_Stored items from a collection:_
◆ ◆ ◆ ◆ ◆ ◆ ◆
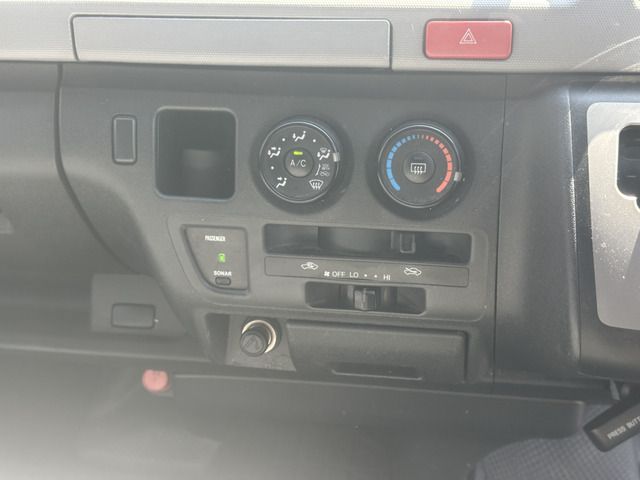 TOYOTA HIACE VAN 4WD 2010 Image 31
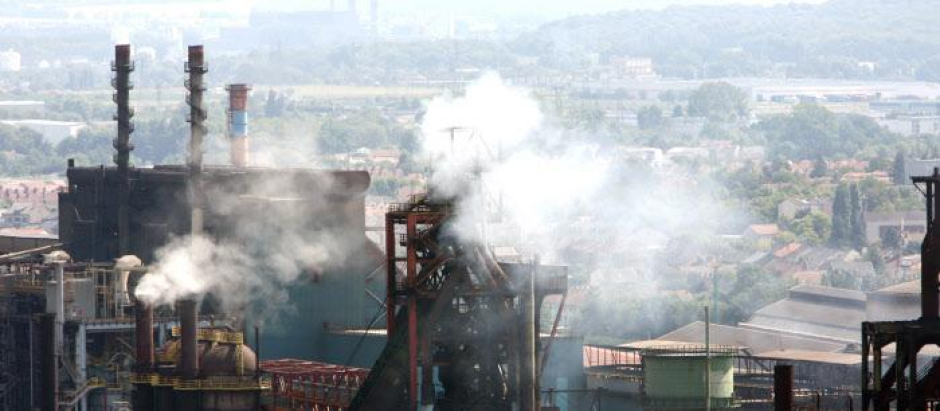 Un vapor se eleva desde la fábrica de Arcelor Mittal en Hayange-Florange, al este de Francia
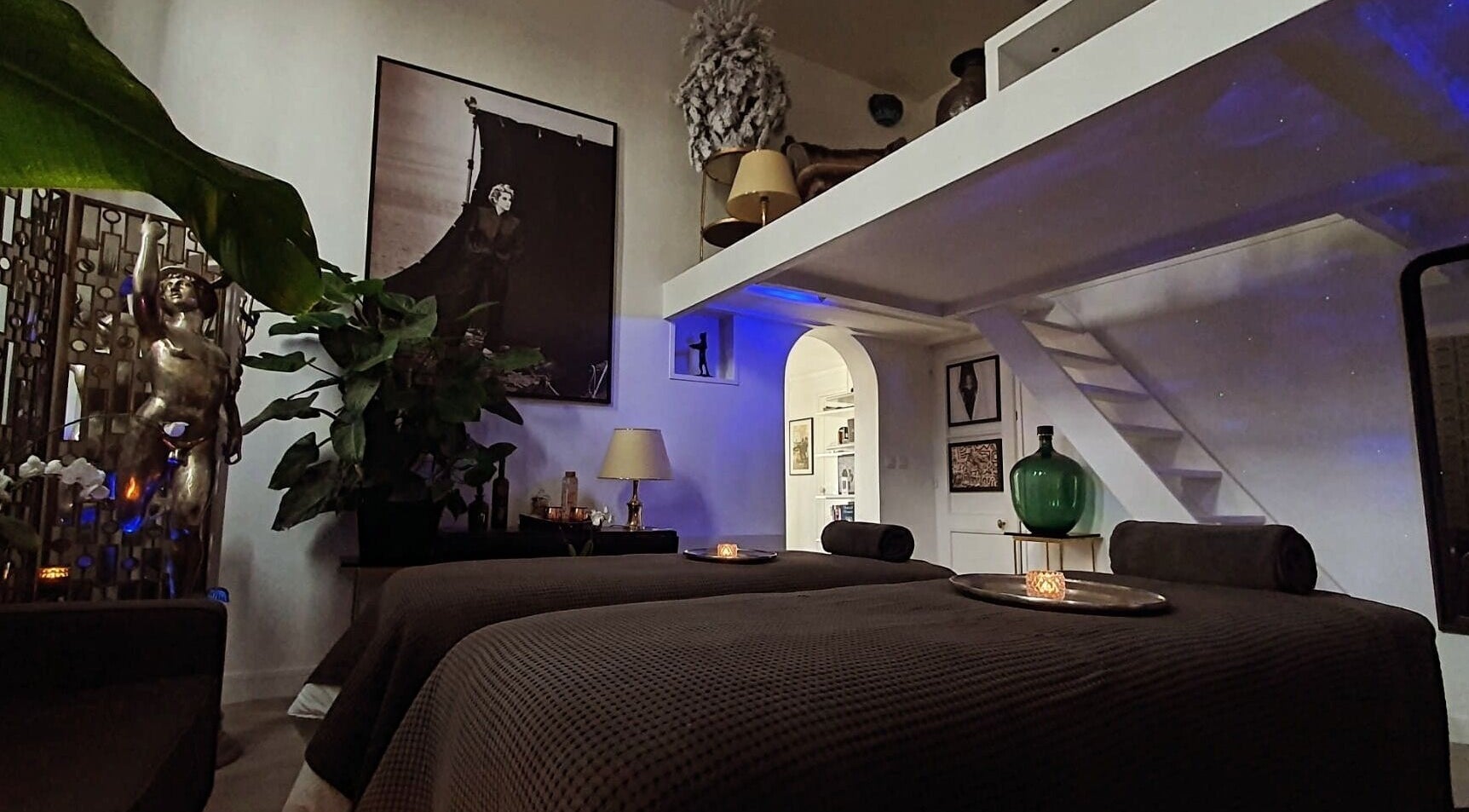 Intérieur zen de L'Atelier du Bien-être par Olivier, Paris, Île-de-france, FR. Décoration élégante et apaisante.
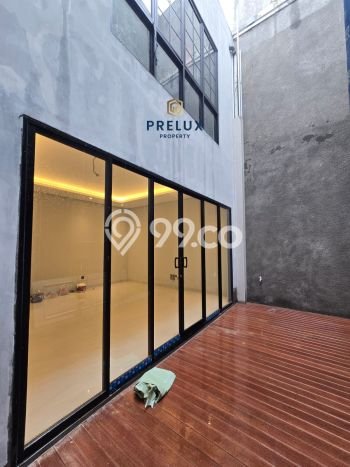 Hunian Elit LB 400m2 Siap Huni Desain Elegan di Pondok Indah, Jakarta Selatan Hunian Elit LB 400m2 Siap Huni Desain Elegan di Pondok Indah, Jakarta Selatan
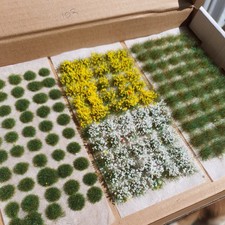 150 Flower Sticky Grass Tufts
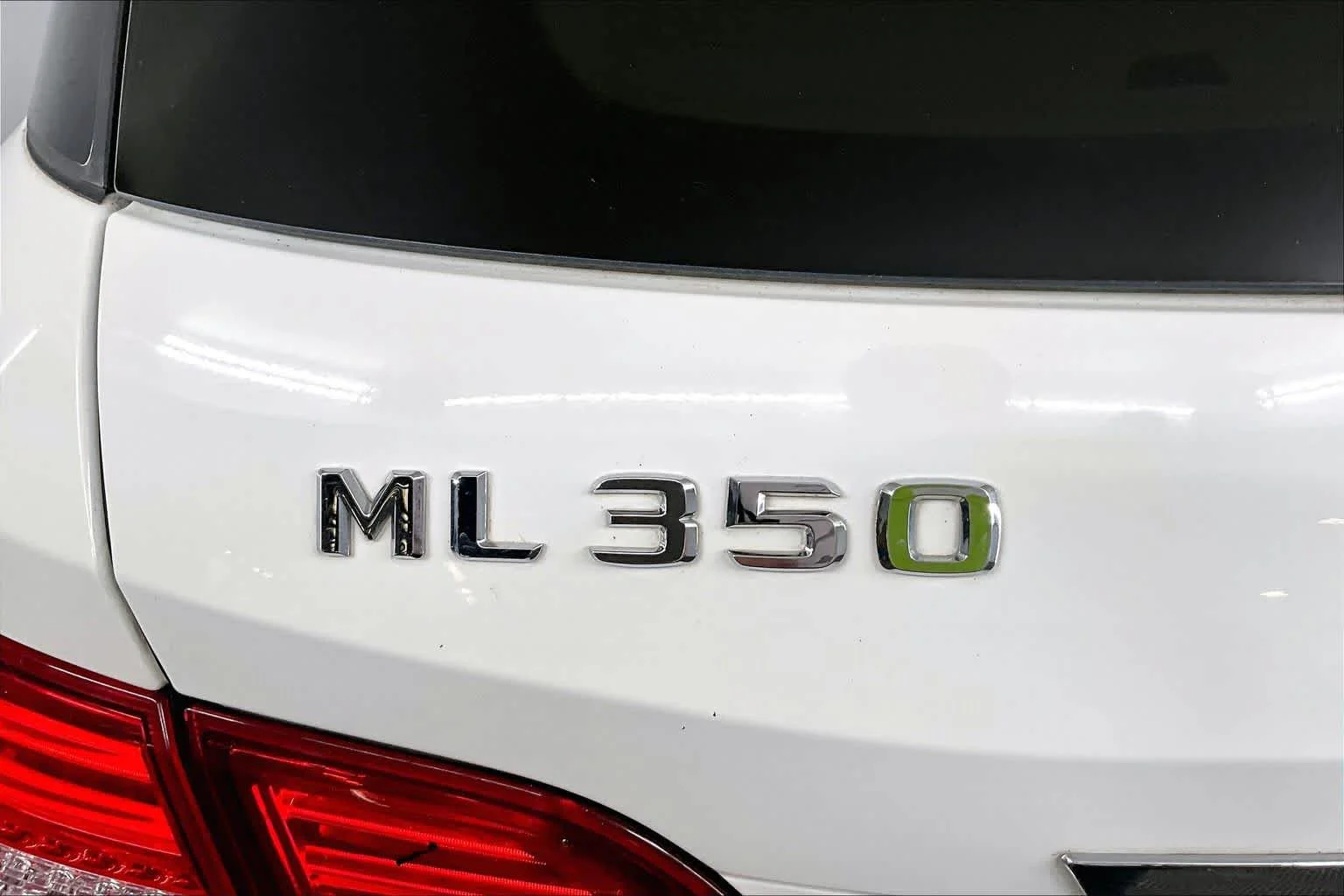 Used 2012 Arctic White Mercedes-Benz ML 350 image 10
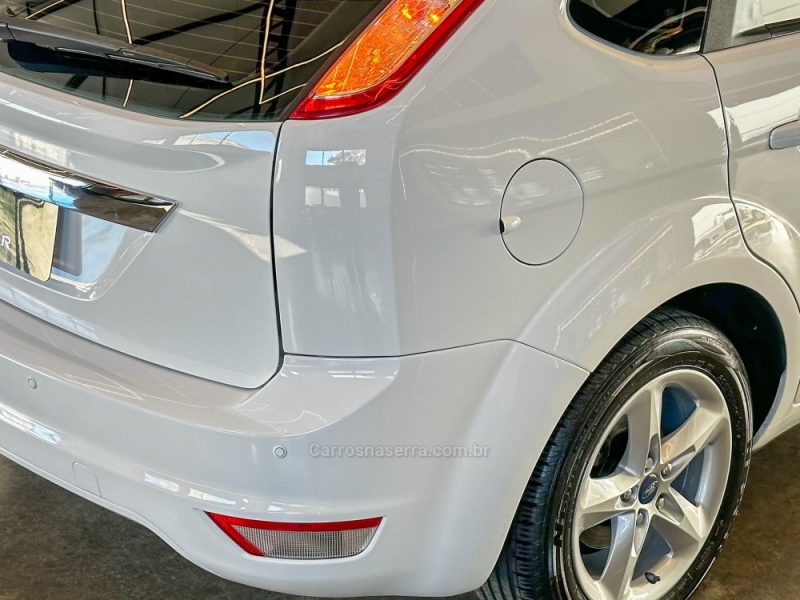 FORD - FOCUS - 2012/2013 - Branca - R$ 47.900,00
◆ ◆ ◆ ◆ ◆ ◆ ◆
_What you need to do:_ Using the records above, extract exactly and only the lines from the one with "150 Flower Sticky Grass Tufts" through the final line, inclusive, leaving out pictures.

_Written response:_
 150 Flower Sticky Grass Tufts
 Used 2012 Arctic White Mercedes-Benz ML 350 image 10
 FORD - FOCUS - 2012/2013 - Branca - R$ 47.900,00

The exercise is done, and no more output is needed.